• _WHAT THE TASK REQUIRES_
In your copy, leave out the pictures and repeat every record exactly.
[SUPPLIED DATA Boundary: Start]
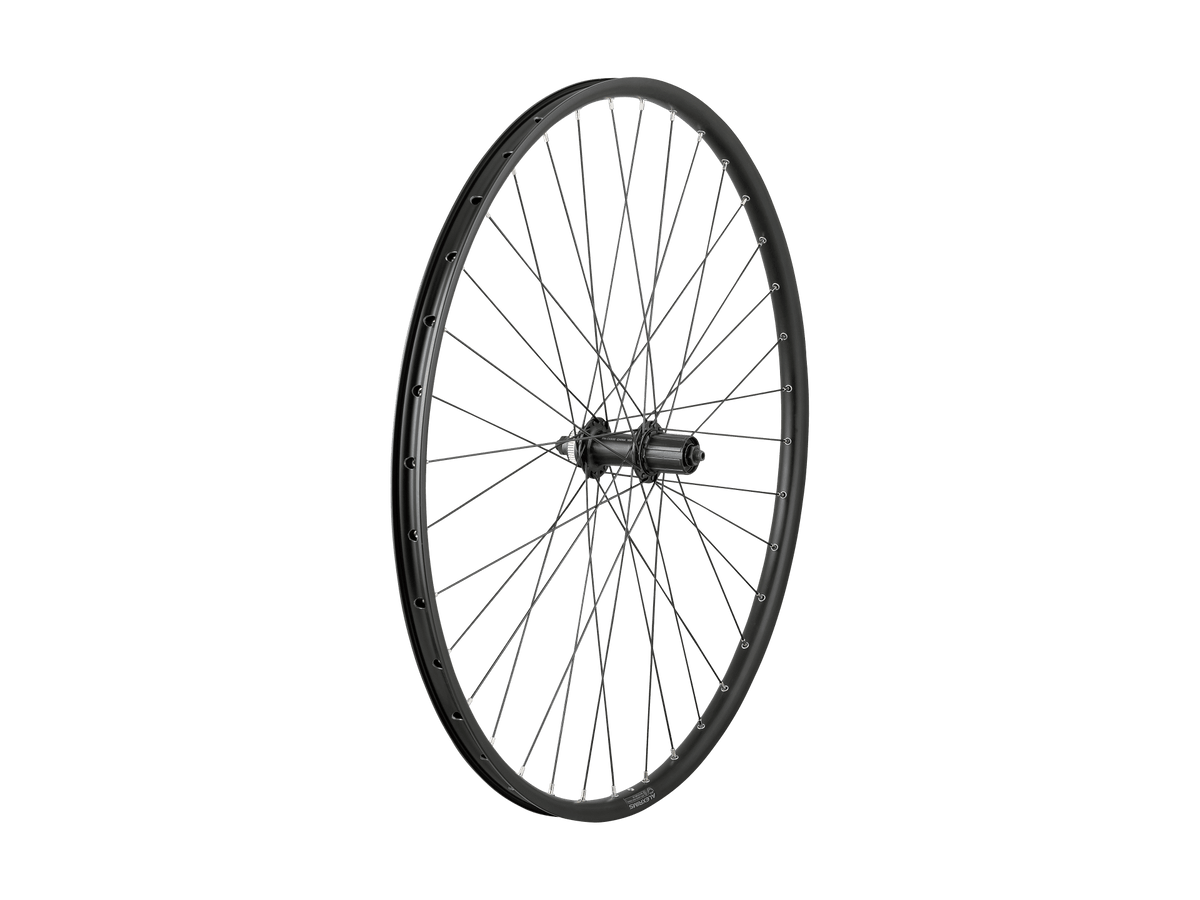 Roue 700c Jante Alex DP23/TX505 Moyeu Shimano Quick release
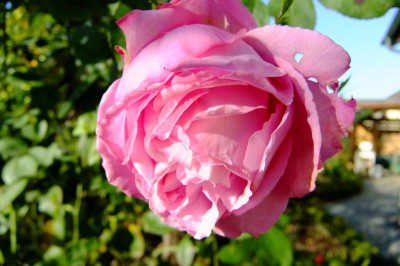 DSCF3135.JPG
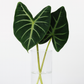 Alocasia Leaf Bunches – 5 Stems of Bold Tropical Greenery (16–20")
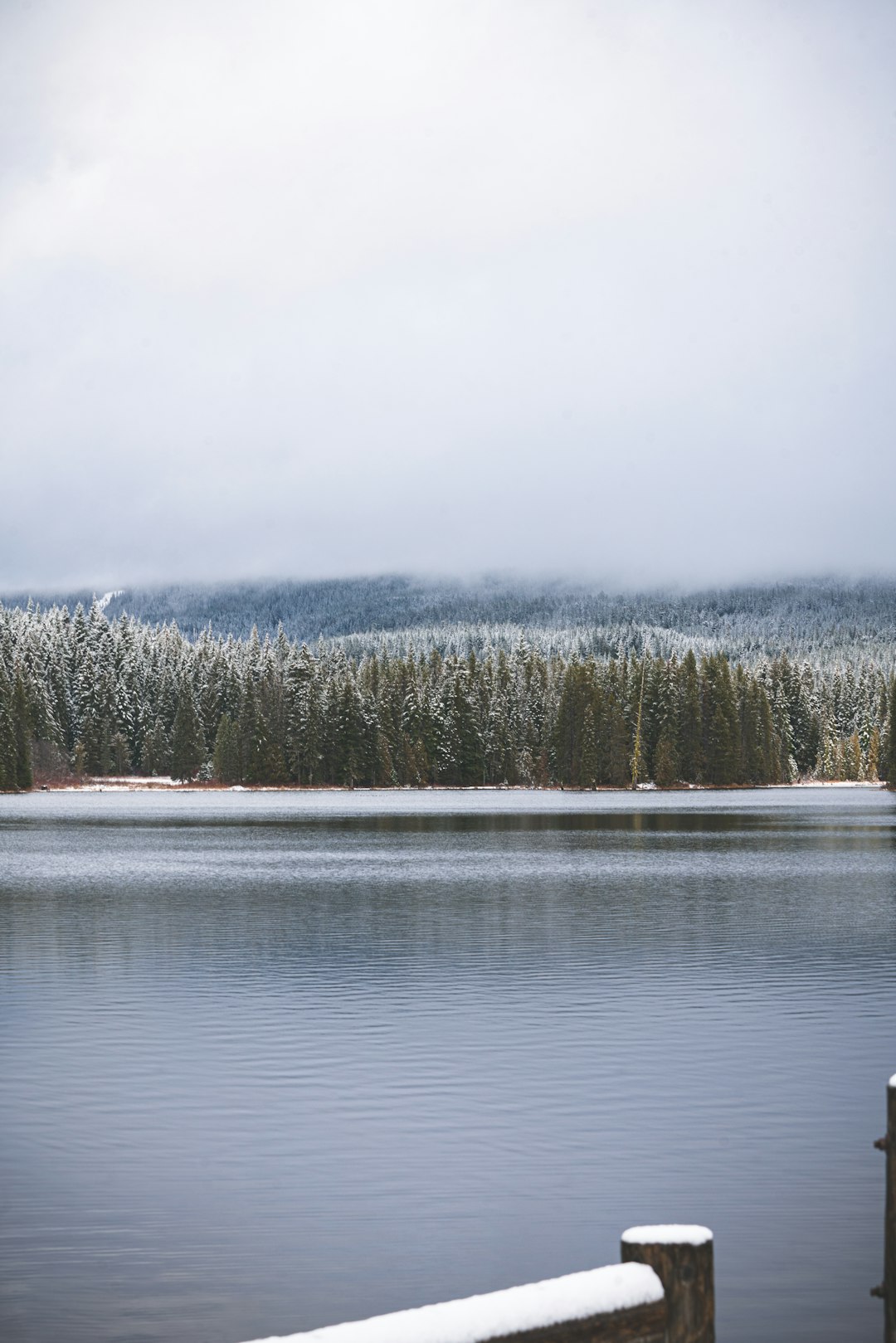 lake in forest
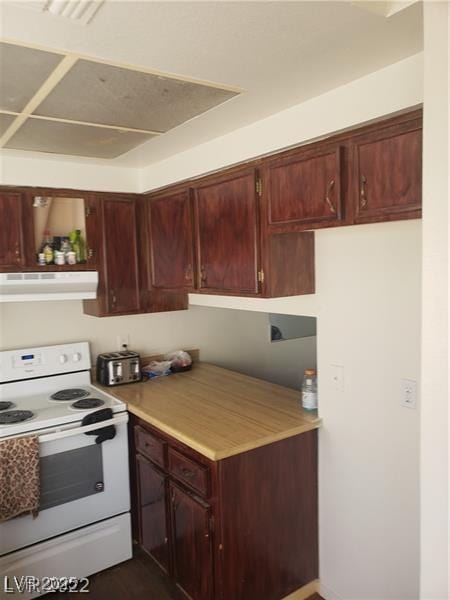 kitchen with reddish brown cabinets, electric stove, light countertops, under cabinet range hood, and open shelves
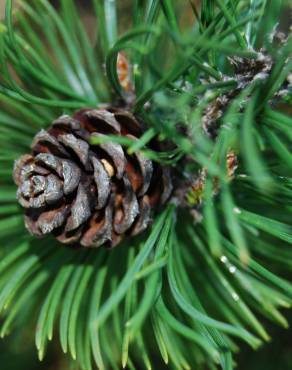 Fotografia 3 da espécie Pinus mugo no Jardim Botânico UTAD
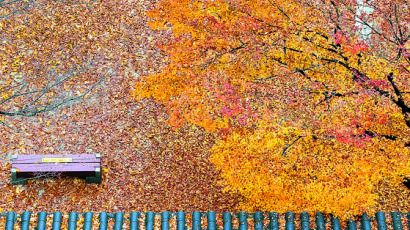 [한 컷] 가을비가 그린 수채화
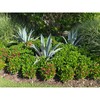 Super Blue Agave Americana, Century Plant - Size: 6in Pot,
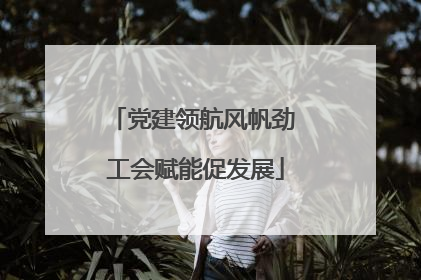 党建领航风帆劲 工会赋能促发展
[SUPPLIED DATA Boundary: End]
• _SOLUTION TO THIS TASK_
 Roue 700c Jante Alex DP23/TX505 Moyeu Shimano Quick release
 DSCF3135.JPG
 Alocasia Leaf Bunches – 5 Stems of Bold Tropical Greenery (16–20")
 lake in forest
 kitchen with reddish brown cabinets, electric stove, light countertops, under cabinet range hood, and open shelves
 Fotografia 3 da espécie Pinus mugo no Jardim Botânico UTAD
 [한 컷] 가을비가 그린 수채화
 Super Blue Agave Americana, Century Plant - Size: 6in Pot,
 党建领航风帆劲 工会赋能促发展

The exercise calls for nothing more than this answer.